Nonlinear Dynamic Response of an Axially Functionally Graded (AFG) Beam Resting on Nonlinear Elastic Foundation Subjected to Moving Load

In recent years, structures made of Functionally Graded materials (FGMs) are used in industries due to the continuously compositional variation of the constituents in FGMs along different directions. In order to develop FGMs, nonlinear vibration analysis to study dynamic behavior is needed. This study proposes nonlinear vibration analysis of a simply supported axially functionally graded (AFG) beam subjected to a moving harmonic load as an Euler-Bernoulli beam utilizing Green's strain tensor. Axial variation of material properties of the beam is based on the power law.
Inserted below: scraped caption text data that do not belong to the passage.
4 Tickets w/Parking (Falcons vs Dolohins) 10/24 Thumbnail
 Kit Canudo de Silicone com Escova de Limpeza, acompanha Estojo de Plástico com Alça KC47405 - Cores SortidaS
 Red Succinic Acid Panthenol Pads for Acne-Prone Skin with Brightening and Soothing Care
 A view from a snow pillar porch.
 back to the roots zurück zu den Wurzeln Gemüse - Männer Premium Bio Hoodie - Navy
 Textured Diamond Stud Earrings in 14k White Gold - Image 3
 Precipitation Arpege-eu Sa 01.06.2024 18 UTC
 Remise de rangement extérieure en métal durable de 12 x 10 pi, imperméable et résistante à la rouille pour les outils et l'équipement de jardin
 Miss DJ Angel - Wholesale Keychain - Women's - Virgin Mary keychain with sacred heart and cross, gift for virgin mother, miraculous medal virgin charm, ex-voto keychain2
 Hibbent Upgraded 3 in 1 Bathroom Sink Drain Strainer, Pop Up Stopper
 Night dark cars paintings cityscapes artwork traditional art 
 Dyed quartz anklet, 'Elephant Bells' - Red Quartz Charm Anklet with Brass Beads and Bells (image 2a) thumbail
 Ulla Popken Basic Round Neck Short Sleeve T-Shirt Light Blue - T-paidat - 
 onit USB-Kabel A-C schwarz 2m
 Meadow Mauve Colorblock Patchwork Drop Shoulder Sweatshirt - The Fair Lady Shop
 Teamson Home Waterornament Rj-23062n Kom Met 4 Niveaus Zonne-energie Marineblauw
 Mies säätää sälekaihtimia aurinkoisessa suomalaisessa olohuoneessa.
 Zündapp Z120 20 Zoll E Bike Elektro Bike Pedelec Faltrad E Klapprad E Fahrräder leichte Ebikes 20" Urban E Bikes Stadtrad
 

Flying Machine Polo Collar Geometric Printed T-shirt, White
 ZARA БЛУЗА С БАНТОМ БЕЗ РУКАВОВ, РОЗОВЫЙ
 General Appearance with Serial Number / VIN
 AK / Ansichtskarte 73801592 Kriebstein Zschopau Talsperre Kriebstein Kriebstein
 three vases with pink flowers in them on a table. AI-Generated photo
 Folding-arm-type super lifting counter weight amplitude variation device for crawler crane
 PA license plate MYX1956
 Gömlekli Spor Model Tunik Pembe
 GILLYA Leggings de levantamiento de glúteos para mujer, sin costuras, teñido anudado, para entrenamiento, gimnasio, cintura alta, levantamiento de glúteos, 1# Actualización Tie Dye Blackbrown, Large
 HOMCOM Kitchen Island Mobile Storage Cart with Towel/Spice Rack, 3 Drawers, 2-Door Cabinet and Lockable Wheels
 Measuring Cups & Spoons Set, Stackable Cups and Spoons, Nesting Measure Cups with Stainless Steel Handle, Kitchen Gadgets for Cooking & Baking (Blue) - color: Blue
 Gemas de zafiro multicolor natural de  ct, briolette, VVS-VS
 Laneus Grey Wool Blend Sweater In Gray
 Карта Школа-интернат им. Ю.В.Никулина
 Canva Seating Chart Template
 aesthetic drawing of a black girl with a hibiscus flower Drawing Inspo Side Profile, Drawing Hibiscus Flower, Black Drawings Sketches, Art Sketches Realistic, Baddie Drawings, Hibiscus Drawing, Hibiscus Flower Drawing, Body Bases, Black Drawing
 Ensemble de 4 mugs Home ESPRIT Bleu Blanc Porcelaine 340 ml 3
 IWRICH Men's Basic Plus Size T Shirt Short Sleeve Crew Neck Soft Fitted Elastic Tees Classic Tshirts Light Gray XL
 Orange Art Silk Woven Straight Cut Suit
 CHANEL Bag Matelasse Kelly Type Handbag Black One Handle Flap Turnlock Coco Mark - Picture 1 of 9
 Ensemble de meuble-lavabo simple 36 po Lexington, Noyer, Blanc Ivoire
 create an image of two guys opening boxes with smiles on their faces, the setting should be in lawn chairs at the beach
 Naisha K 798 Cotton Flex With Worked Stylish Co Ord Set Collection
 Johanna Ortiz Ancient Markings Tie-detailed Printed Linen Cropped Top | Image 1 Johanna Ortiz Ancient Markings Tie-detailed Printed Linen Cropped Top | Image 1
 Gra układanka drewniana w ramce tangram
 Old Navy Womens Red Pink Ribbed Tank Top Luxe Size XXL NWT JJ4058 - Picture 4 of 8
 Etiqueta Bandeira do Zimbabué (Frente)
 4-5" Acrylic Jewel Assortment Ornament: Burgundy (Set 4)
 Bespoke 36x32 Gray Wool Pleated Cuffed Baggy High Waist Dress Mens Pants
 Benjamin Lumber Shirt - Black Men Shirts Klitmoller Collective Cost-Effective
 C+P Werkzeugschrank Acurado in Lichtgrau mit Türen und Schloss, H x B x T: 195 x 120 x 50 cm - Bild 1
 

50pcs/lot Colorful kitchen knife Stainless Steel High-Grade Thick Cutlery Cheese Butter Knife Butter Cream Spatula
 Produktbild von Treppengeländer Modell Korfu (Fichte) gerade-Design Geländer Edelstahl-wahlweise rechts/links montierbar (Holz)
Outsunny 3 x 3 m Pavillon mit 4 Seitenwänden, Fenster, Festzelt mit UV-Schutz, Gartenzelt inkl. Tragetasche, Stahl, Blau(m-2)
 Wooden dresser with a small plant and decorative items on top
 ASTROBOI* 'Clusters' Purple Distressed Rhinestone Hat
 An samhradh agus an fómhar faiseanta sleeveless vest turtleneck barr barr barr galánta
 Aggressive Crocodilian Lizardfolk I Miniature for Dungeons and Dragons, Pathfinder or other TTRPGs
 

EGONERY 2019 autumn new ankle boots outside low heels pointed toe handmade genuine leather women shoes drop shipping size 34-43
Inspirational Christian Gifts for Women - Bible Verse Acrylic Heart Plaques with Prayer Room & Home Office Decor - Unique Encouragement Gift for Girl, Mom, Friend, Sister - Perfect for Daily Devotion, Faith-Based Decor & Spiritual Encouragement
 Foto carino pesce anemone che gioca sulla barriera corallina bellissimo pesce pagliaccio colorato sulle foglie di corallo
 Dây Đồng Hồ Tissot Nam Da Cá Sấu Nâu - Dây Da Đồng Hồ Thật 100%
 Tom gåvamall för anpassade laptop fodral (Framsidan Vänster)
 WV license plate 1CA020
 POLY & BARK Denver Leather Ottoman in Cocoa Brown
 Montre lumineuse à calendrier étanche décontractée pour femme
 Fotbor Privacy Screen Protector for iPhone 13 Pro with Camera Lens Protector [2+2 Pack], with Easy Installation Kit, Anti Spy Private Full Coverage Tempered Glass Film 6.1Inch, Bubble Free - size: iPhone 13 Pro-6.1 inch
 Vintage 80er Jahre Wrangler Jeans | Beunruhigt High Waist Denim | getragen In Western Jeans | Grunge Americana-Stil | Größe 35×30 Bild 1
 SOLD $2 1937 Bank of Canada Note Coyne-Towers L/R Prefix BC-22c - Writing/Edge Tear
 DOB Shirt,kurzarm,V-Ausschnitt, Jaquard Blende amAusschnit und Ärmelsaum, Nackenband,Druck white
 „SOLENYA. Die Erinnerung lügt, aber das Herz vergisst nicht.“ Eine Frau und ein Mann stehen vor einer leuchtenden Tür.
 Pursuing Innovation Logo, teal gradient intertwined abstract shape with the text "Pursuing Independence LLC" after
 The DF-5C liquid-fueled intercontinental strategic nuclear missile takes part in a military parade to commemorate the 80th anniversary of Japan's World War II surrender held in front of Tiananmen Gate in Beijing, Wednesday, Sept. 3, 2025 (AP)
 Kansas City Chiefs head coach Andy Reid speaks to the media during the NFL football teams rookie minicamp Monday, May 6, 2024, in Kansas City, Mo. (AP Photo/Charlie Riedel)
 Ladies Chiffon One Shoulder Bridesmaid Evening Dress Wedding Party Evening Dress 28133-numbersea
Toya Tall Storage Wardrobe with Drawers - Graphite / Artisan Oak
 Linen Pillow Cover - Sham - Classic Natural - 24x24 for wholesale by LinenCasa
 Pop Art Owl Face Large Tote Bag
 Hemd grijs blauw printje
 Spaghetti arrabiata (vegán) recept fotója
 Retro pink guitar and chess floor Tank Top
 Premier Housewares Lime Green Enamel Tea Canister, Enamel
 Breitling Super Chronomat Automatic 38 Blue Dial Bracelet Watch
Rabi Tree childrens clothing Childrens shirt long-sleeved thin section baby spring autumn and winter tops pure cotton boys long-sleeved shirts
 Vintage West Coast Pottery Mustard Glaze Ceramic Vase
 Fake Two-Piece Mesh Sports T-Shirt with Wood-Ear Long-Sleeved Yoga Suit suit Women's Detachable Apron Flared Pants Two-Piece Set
The governing equations of motion are derived via Hamilton's principle. The Galerkin's method is implemented to reduce the nonlinear partial differential equations of the system to a number of nonlinear ordinary differential equations. He's variational method is applied to obtain approximate analytical expressions for the nonlinear frequency and the nonlinear dynamic response of the AFG beam. The effect of some parameters such as the power index and stiffness coefficients, among others, on the nonlinear natural frequency has been investigated. The influence of above mentioned parameters as well as the velocity of the moving harmonic load on the nonlinear dynamic response has been studied. The results indicate that these parameters have a considerable effect on both nonlinear natural frequency and response amplitude.